2. How does the trajectory of the ice-islands/ and other icebergs show information about the ocean currents?

Ice islands and icebergs are thick (50-200 m) and mostly submerged below the surface. Hence they are largely moved by the ocean currents about 30-200 m below the surface. I think of them as ocean drifters with a very large and deep drogue element that changes with time as the iceberg melts or tips over. This is different from sea ice that may reach only 5-m into the water column and thus only “sees” the very surface layer of the ocean that is largely influenced by winds. This is not entirely true for icebergs, because they are driven by ocean currents below the thin (10-20 m) ocean “mixed layer” that sea ice is embedded in.

3. What are the current unknowns or poorly understood parameters with regards to iceberg science and iceberg interactions with oceans in the High Arctic?

I think the problem with any prediction scheme of individual particles is that the ocean always has a strong turbulent and unpredictable part to it.
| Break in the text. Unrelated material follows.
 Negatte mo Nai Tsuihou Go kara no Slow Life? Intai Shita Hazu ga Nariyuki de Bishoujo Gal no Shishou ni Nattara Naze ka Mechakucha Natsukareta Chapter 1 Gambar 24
This problem is fundamentally no different from trying to predict where oil from a spill will come ashore. We can do it “on average” rather well, but we are very poor trying to do in one specific case for a specific iceberg (or spill). Oh, this certainly also applies to climate predictions, easy to do “on average,” very hard to do in a specific case for a specific time and place that may be affected.

4. What sort of temperatures would the water be?

Meltwater plumes at zero salinity with pieces of ice floating in it have a temperature of 0 C, meltwater plumes with pieces of ice in it at ocean salinities have temperatures of about -1.8C, depending on the amount of sunlight and how much mixing takes place, these fresh and very thin surface layers (1-10 meters) can heat up substantially fast, and cool just as fast. In June/July you have 24 hours of sunlight, so temperatures of 4-10 C are not out of the ordinary, but these waters will do very little melting, because most of the mass is well below a 10 m depth of such fresh surface plumes.

Temperature (left) and salinity (right) distribution off Labrador in the summer of 2009 with depth and distance from the coast (from Colbourne et al., 2010). Note the very cold waters near the freezing point (blue and purple) on the continental shelf below 50-m depth.

5. How would changes in ocean stratification and temperature alter the melting of icebergs?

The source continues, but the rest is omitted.